Terms of the acquisition weren’t disclosed, but sources told TechCrunch that the price was around $500 million — less than the $600 million to $700 million the company was last valued at by private investors but ServiceNow’s largest acquisition to date.
“Element AI will significantly enhance ServiceNow’s commitment to build the world’s most intelligent workflow platform, enabling employees to work smarter and faster, streamline business decisions, and unlock new levels of productivity,” ServiceNow said in a statement announcing the deal.
Element AI has raised $257.8 million in total funding, per Crunchbase data.
Element AI co-founder Yoshua Bengio will also join ServiceNow as a technical advisor. A professor at the University of Montreal, Bengio won a 2018 Turing Award for “conceptual and engineering breakthroughs that have made deep neural networks a critical component of computing.”
DoorDash sets IPO range
Food-delivery app DoorDash is looking to raise up to $2.8 billion in its IPO, according to a new securities filing. [Read more]
C3.ai sets IPO price range
C3.ai, a Redwood City, California-based AI startup aimed at enterprises, on Monday set the initial price range for its initial public offering at $31 to $34 per share. In the middle of that range, it would raise roughly $504 million.

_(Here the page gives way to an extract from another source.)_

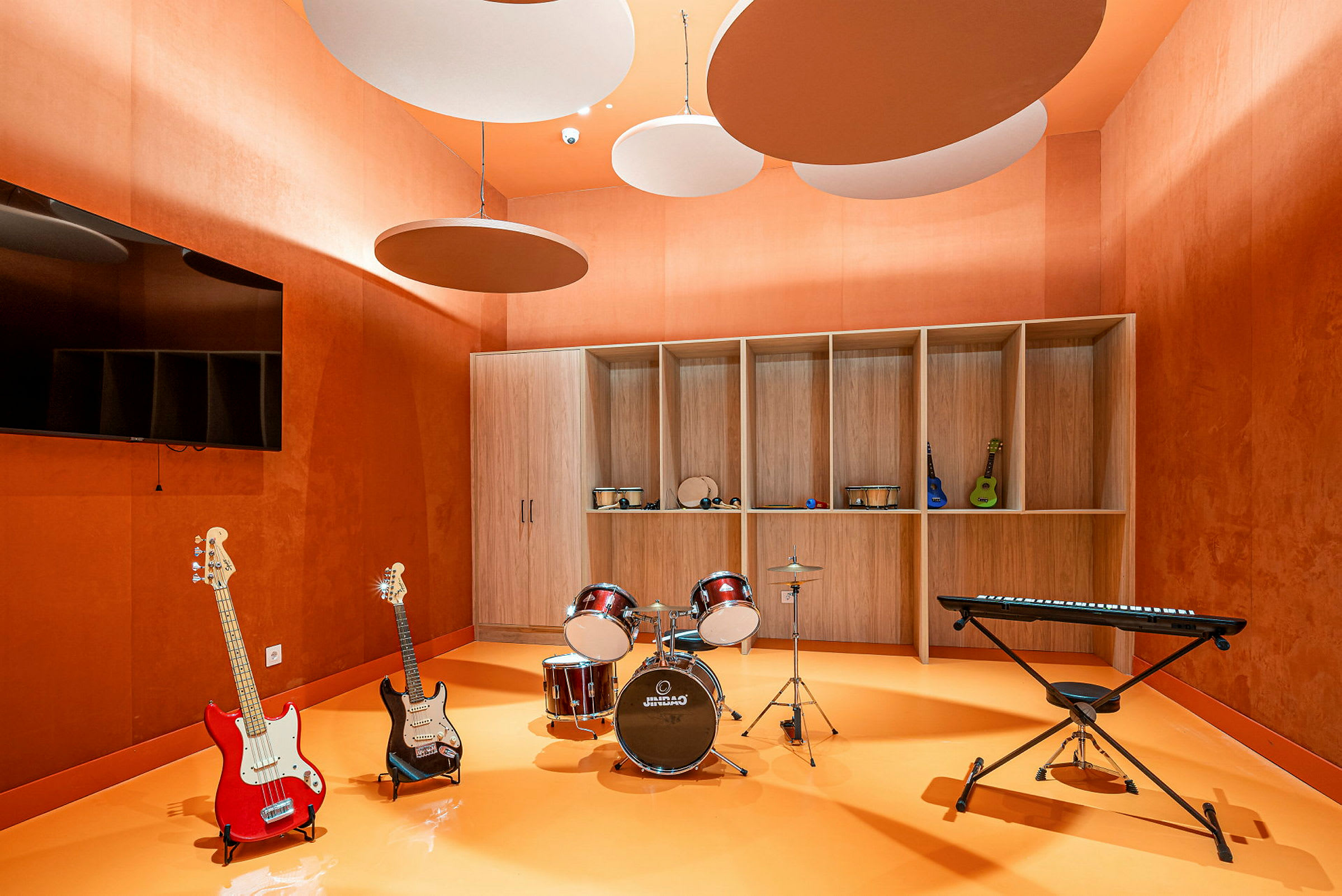 Et musikkrom med instrumenter inkludert elektriske gitarer, et trommesett og et elektronisk keyboard arrangert i et oransje rom. (AI-generert tekst)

The company also said in its security filing that it plans to sell $100 million worth of shares to Spring Creek Capital, a Koch Industries affiliate, and $50 million to Microsoft, both at IPO price. Underwriters have also reserved 2.325 million shares.
C3.ai was founded in 2009 and is led by CEO Thomas Siebel, who previously led customer relationship management software maker Siebel Systems until its acquisition by Oracle for $5.85 billion in 2006.
The company has raised a total of $228.5 million from venture investors including TPG, Breyer Capital and Sutter Hill Ventures and according to Crunchbase data.
HungryPanda raises $70M for food delivery
HungryPanda, a food-ordering and delivery app aimed at Chinese customers living abroad, raised $70 million in fresh funding.
Swedish venture firm Kinnevik led the financing, joined by several other investors, including 83North and Felix Capital.
Headquartered in London, HungryPanda was launched in 2017 by founder Eric Liu, a computer science graduate at the University of Nottingham who wanted to make it easier to get authentic Chinese food on-demand while away from home.
New funds
- Firstminute Capital launches $111M fund: London-based Firstminute Capital has closed on $111 million for a new fund that will focus on early-stage European technology companies. Backers include former Google CEO Eric Schmidt.
Funding rounds
- Aurora Solar secures $50M for solar tools: Aurora Solar, a SaaS company developing tools that enable solar professionals to design and sell solar remotely, announced a $50 million Series B, bringing the company’s total investment to more than $70 million. This round was led by ICONIQ Capital, with follow-on participation from existing investors Energize Ventures, Fifth Wall and Pear VC.
- Glasswall raises $24M for cybersecurity: London-based Glasswall, a provider of technology to protect organizations from file-based threats, raised £18 million ($24 million) in a new round led by billionaire investor Michael Spencer.
More news
- NVIDIA creates alliance to back medical imaging AI startups: NVIDIA announced the creation of the Inception Alliance for Healthcare with GE Healthcare and Nuance for medical AI startups to accelerate their innovations through targeted networking, AI training, early access to technology, pitch competitions and technology integration. The initiative will kick off with a pitch competition for AI startups in medical imaging and related supporting fields.